You see, I was okay with it all, because we love him as he is, it's okay to be different, etc. etc. etc, place your own parenting cliche here.  But the reality is, every time I am made painfully aware of his differences in certain social contexts, like, say...the dreaded birthday party, I find myself back to a place I thought I had left long ago.
Sometimes seeing his through someone else's eyes hurts too.  Like if I see someone kind of looking at him quizzically I might get a blinding, stabbing pain that I wasn't expecting, because I already thought I was accepting.
Or if I'm chatting with somebody about it all, even somebody close, and they make a statement about him, it shocks me when it hurts.  No ill will was intended, it's just that sometimes I'm not prepared for other people to notice his ways of being different, if they notice it, it may mean that everybody notices it.  The sane part of me knows that he is different, plain and simple, and people are going to notice.  That same sane part of me knows that one day I will be able to handle that better, but as for right now, it stings.
You see, at 4, going on 5, we're just leaving that grace period that a tender age allows.  For so long, he was just such a verbally advanced kid, that all people noticed about him was how smart he was.  Quirky behaviours are adorable in young kids, which is oh so helpful.  But that lovely umbrella is starting to be lifted away, and I'm clinging with two firm hands.
I know that my acceptance will continue to grow, just as my love will.  I'll come to better know who he is, and someday I'll to stop wondering about who I thought he was going to be.
Because even though this road is long and winding, we're buckled in, and commited to the drive.


  1. I can very much relate to what you're feeling about this.
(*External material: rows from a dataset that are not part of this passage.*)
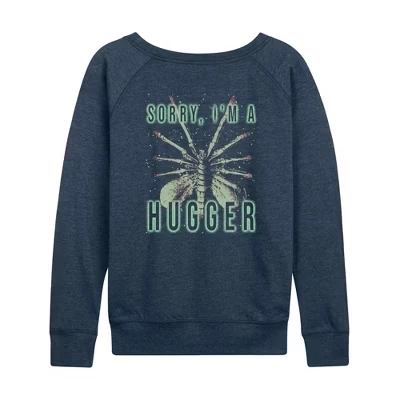 Женский лонгслив Alien Hugger, индиго меланж
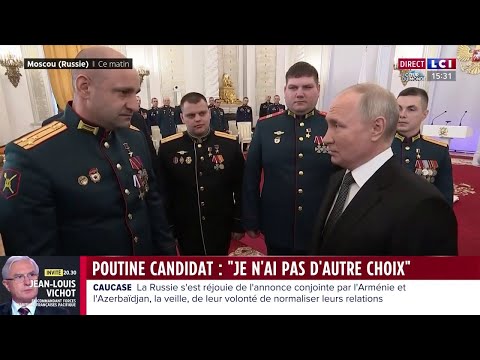 Poutine candidat : &quot;Je n'ai pas d'autre choix&quot;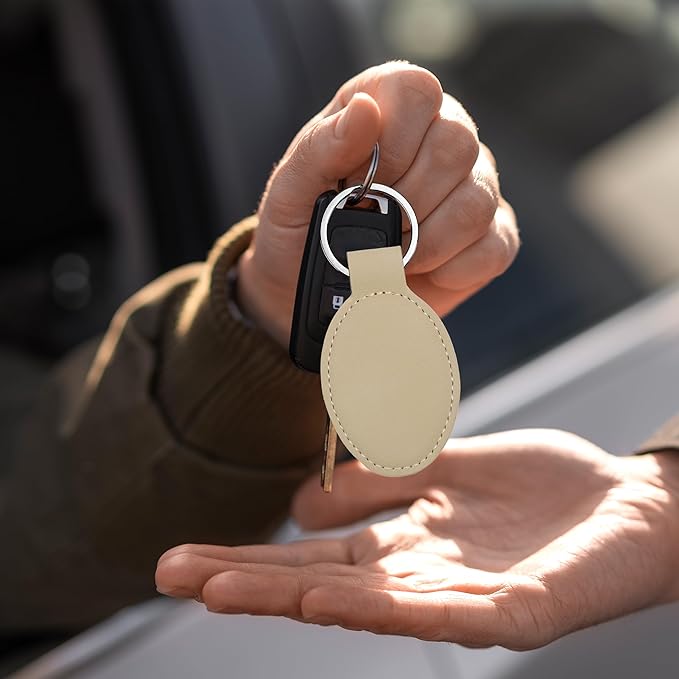LaserGram Oval Keychain, Water Polo, Personalized Engraving Included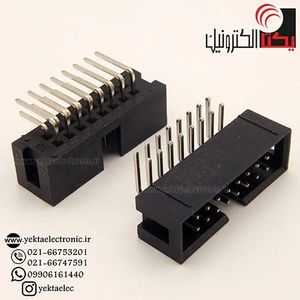 باکس هدر 16 پین نری رایت انگل 2.54میلیمترBOX16
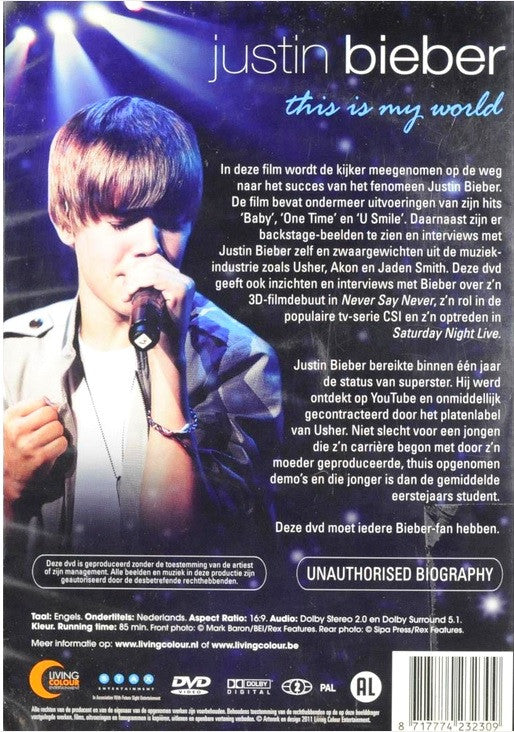 Justin Bieber : This Is My World (DVD, Comp)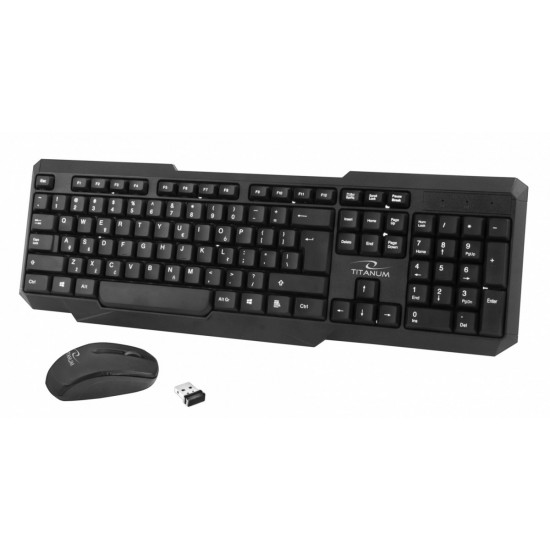 TITANUM WIRELESS SET 2.4GHz KEYBOARD WITH MEMPHIS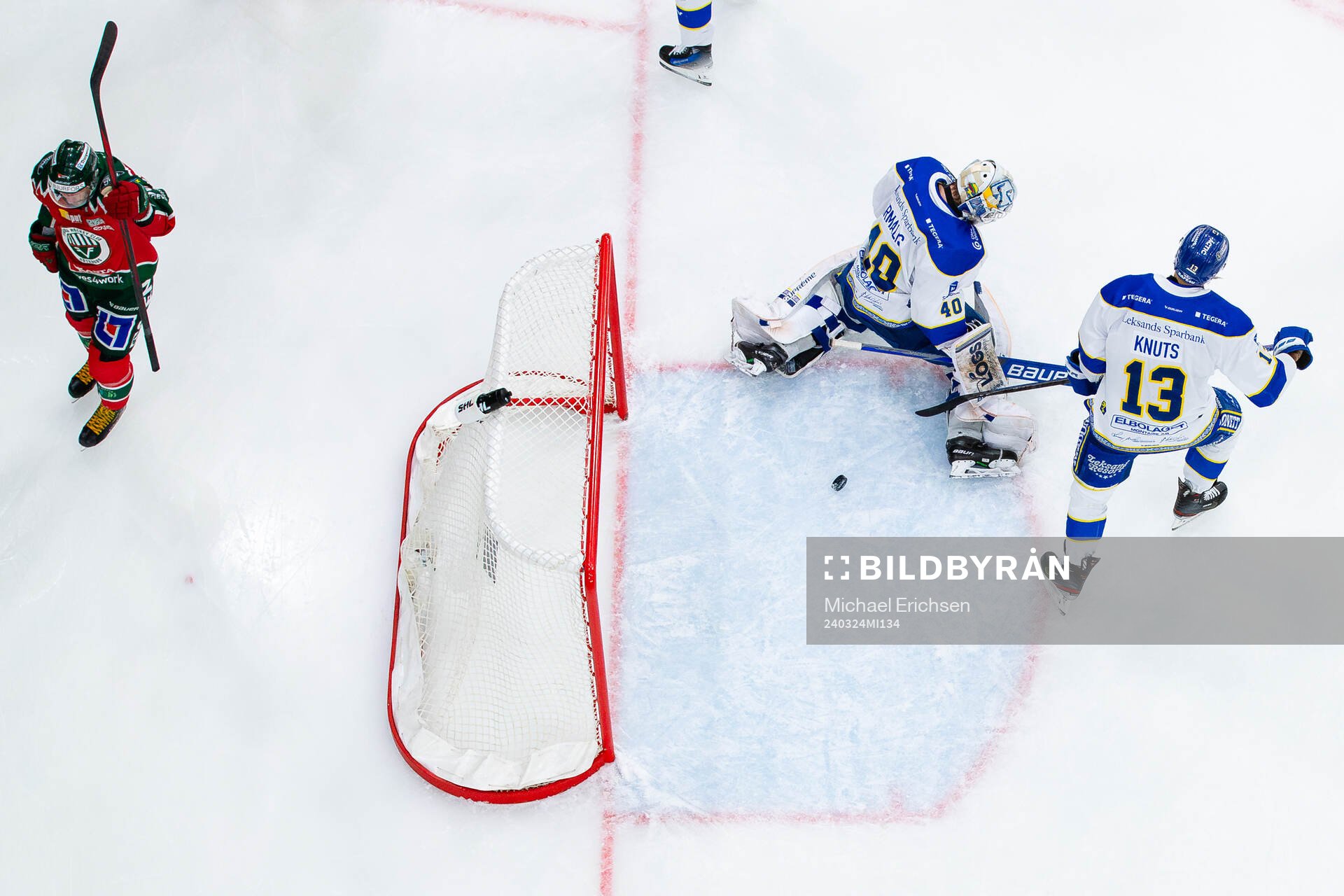 Frölundas Mikael Ruohomaa jublar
In fact, I was preparing a post with similar thoughts, following my son beginning preschool. I've been plodding away at it for several days now, but my emotions have been running a bit high.

    I really like your blog and I'm going to add you to my blog roll. Thanks for saying hi so I could visit you over here :) Life has become so busy lately that I haven't had time to find new autism blogs to read.

  2. I'm so glad you found my blog, so that I could find yours. My sister's son has autism. I will enjoy reading your journey.

    I recently wrote one about Tyler. Maybe you already read it.

  3. So glad I stumbled upon your blog! I am also from Canada, in fact my Dad is from The Rock and many of my extended family are there. I work in the field of early intervention, am raising two spirited boys (one with Asperger's and a host of other "labels") and I too try to focus on the positive and accept my son for who he is. Stop by sometime. I am adding your blog to my blogrole!